Le prélat lâcha du bout des lèvres.

  • Combien en proposez vous ?

Un éclat brilla dans le regard de Sire Pons.

  • Le prix n'a aucune importance pour nous. Vos caisses sont mal en point à ce qu'il se murmure ... cent millions de dollars seraient bons à prendre !

La pomme d’Adam épiscopale fit un nouvel aller-retour. Le regard du monsignore devint fixe comme celui d'un reptile devant une proie.

  • Deux cents millions !

  • Je vous ai dit que cela n'avait pas d'importance ! D'accord pour deux cents millions. Mais je veux que l'annonce soit faite officiellement par le Vatican avec suffisamment de publicité.

  • Bien sûr !

  • Et je veux que vous en fassiez l'annonce vous mêmes aux autorités espagnoles, en n'omettant pas de parler des projets de « complexe hôtelier » du repreneur.

  • Cela va nous attirer les foudres de nombreux espagnols !

  • Je sais ...

  • Je m'occuperais personnellement de cette affaire... Euh ! ... Sa Sainteté a mandaté le frère Mathieu à vos côtés.

    Sire Pons dévisagea avec insistance le jeune moine.

  • Pourquoi ?

  • Votre ... hum ! Maison.... a sollicité la présence d'un linguiste, spécialiste de l'hargo. Frère Mathieu est ce spécialiste. Il sera notre correspondant à vos côtés. Il vous tiendra informé de l’avancement de la transaction.

    Le Maréchal haussa ostensiblement les épaules.

     

     

     

 

****

 

 

 

 

De retour à son hôtel Sire Pons fut interpellé par la réceptionniste.

  • Monsieur Smith !

  • Oui, qu'il y a t'il ?

  • Un visiteur vous attend dans le hall.

    Le Maréchal se retourna sans un mot.
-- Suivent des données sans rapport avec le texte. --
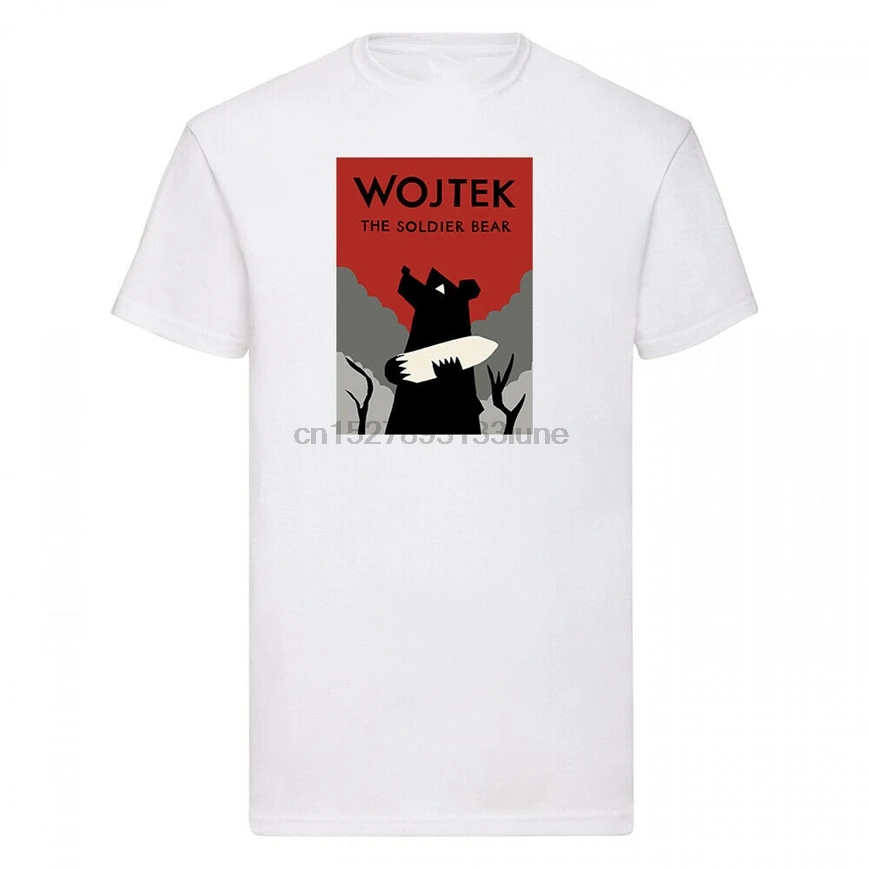 Польша 1944 польский медведь Wojtek футболка Polski печать |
Près de la baie vitrée se tenait un homme de taille moyenne, d'une cinquantaine d'années, le cheveu noir et le teint olivâtre. Légèrement bedonnant, il paraissait mal à l'aise dans un costume trop étroit.

    Sire Pons reconnut difficilement le fringant chevalier Arrabal de Alameda avec lequel il avait sévi quelques années plus tôt en Amérique du Sud. Il força son sourire pour mettre l'actuel commandeur de Jaca, dans de bonnes dispositions.
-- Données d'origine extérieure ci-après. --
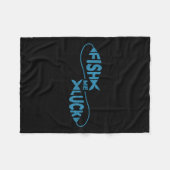 Grappig Gevist Luck Fisherman Fish Me Luck Fleece Deken (Voorkant (Horizontaal))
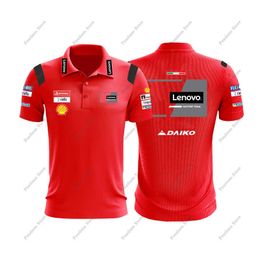 DIY T-shirt nieuw voor Ducati CORSE 2023 GP heren poloshirt Superbike T-shirt motorfiets sport raceteam zomer ademend niet vervagen Y2303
  • Ce bon vieil Arrabal ! Comment vas tu depuis toutes ces années. - Il tapota le ventre de son interlocuteur – tu ne te laisserais pas un peu aller ces derniers temps ?

Sire Arrabal esquissa un sourire crispé. Il transpirait en dépit de la climatisation.
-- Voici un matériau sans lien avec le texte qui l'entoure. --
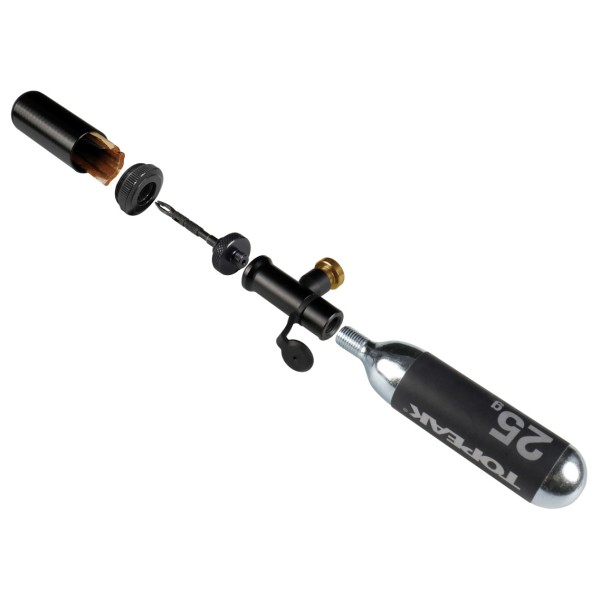 Topeak - Tubi Master X with 25g CO2 Cartridge - Pompa a CO2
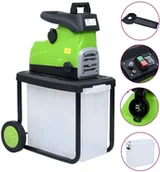 Rozdrabniacze do gałęzi - vidaXL Elektryczna rozdrabniarka 2800 W - miniaturka - grafika 1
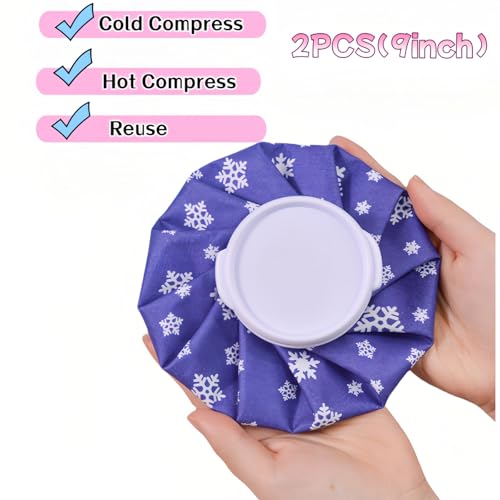 Image of Hot and Cold Reusable Ice Bag for Sport Injuries Ice Pack for Injuries, Hot & Cold Therapy, Teeth Pain Cold Pack, Headaches Cold Ice Bag Hot Cold Therapy for Head Shoulder Back Knee 2PCS (Pack of 2)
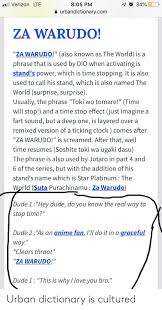 Fortnite all dances and emotes list. Ll Verizonlte 7o 34 805 Pm Urbandictionarycom Za Warudo Za Warudo Also Known As The World Is A Phrase That Is Used By Dio When Activating Is Stand S Power Which Is Time
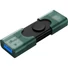 Kép 7/11 - Kingston 128GB DataTraveler Duo G2 USB-A 3.2 Gen1 / USB-C pendrive fekete-zöld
  • Oui, le manque d'exercice, le travail de bureau ... j'ai eu quelques ennuis de santé.

  • Ah ! les soucis ! C'est notre lot à tous ! Viens, nous allons nous installer au bar, nous serons plus tranquilles pour discuter.

Ils commandèrent deux cafés et deux verres d'eau.

  • Tu dois te demander pourquoi j'ai sollicité ta présence ici sans délai !

Le gros espagnol hocha la tête.

  • Oui un peu. Je sais que le Nautonier a décrété l'état de guerre, alors on s'attend tous au pire à chaque instant. La dernière mission, l'élimination du moine nous a mis sur les dents.

  • Je ne t'ai pas félicité pour la façon dont tu t'es acquitté de cette mission. Mais, rassure tes hommes. La nouvelle opération est d'importance mais n'implique pas de prise de risque particulier.

Le commandeur de Jaca parut se dégonfler.

  • Tu dois avoir quelques connaissances dans les milieux politiques de ta ville ? De préférence dans l'opposition écologiste ou nationaliste.

L'oeil de son interlocuteur s'arrondit de surprise.

  • Oui, bien sûr. Moins que dans les partis politiques classiques, mais on a ça.

  • Tu vas inciter l'un de tes contacts, si possible un individu charismatique et pas trop pourri, à s'opposer à l'acquisition du monastère de San-Juan-de-la-Peña par la société hôtelière OCCAR.

  • Ils veulent acheter le monastère, pourquoi ?

  • Pour en faire un hôtel « Parador ». Il faut que ton mec crée une association, fasse signer des pétitions et s'oppose à cette vente par tous les moyens. Tu lui fournis la logistique, le secrétariat, le financement mais sans jamais apparaître. Il ne faut surtout pas qu'on soupçonne ton implication derrière tout ça. Compris !

  • Pas de problème, mais il y a quelque chose qui me chiffonne.

  • Quoi donc ?

  • OCCAR, c'est nous ! La Maison détient la majorité des actions de la holding qui la gère.

Sire Pons hocha la tête, amusé.

  • Oui, je veux acheter San-Juan.

  • Mais alors !

  • Alors je veux que ça fasse un scandale et je veux connaître les noms de tous ceux qui vont s'y opposer. Ici on aime la corrida alors je vais jouer au matador et je vais commencer à agiter ma cape .... il y aura une très belle mise à mort.